If it begins with a quote, I won't read it.
If it begins with a anything, I won't read it.
I hate literature that they pour into our minds
In the schools and in the parks and in the pretty, fancy dresses.
I hate ALL OF IT.
Until I go home.
Then I Love It.

Isn't it funny? Bukowski, you fool. You published over 50 books of prose, novels, novellas, poetry, and other things with pretty and official names. But what were you doing? You were writing your mind on paper. On paper goes the human mind, and the money from desperate housewives goes to people who aren't you and you buy wine and beer. Bukowski, you'd hate me. I'm 15, I'm a girl, and I try to be not-me.
You know what I love about artists?
The true artists are the ones who have a genre unto themselves. They do not affiliate with a stereotype and feel the need to stick to it- LEST THE MASSES HAUNTINGLY WALK OFF WITH THEIR MONEY AND FAME! They find the scraps and remnants (I hate that work--too 7th grade) and compile some variation (6th grade--and impressive) of the works. They do it to escape the gnashing of teeth they endure as an artist. They sit there, stewing in their issues and dramatized moments of the past, they gnash and gnaw. The artist cannot escape. They can write. They write. It's the genre I call "This-Is-My-Mind." No rules, no punctuation (should you deem it so-- e e jr!), no spell check. The mind does not filter; the pen does. Aesthetics do, for the sake of themselves, their reputations! The years of history and graves and papers intercoursing with pens cannot be disgraced! We are like little children with the capacity to wonder and to defy our parents. What? I sound young. Can't have it. Can't have it.
Genre: subjective.
Subjective: 10th grade, honestly.
I'm a sad, sad, lonely person. As I laugh.

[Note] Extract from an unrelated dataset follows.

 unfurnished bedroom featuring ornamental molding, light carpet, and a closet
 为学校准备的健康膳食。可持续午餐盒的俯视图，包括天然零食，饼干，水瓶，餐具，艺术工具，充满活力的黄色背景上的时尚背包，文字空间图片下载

I Won't Name It Because Every Name Has Been Exhausted (EVEN THIS ONE)

Sorry for the deluge of literary shit.
It's for school.
"Portions from a Wine-Stained Notebook" is excellent, yet incomprehensible. The book: The book is understandable. The prose-poetry portion bearing that moniker: Quite difficult to read. It is the true uncensored insanity that fills the minds of the greats who spent years on the streets doing God-knows-whats and God-knows-who(re)s. It is amazing; the people that don't laugh or live... They seem not happy at all, but complete. Isn't it odd? We do live in a too-many world.
On a lighter note, I thus commence my homework. On a Sunday night.
GO ASPIRATIONS!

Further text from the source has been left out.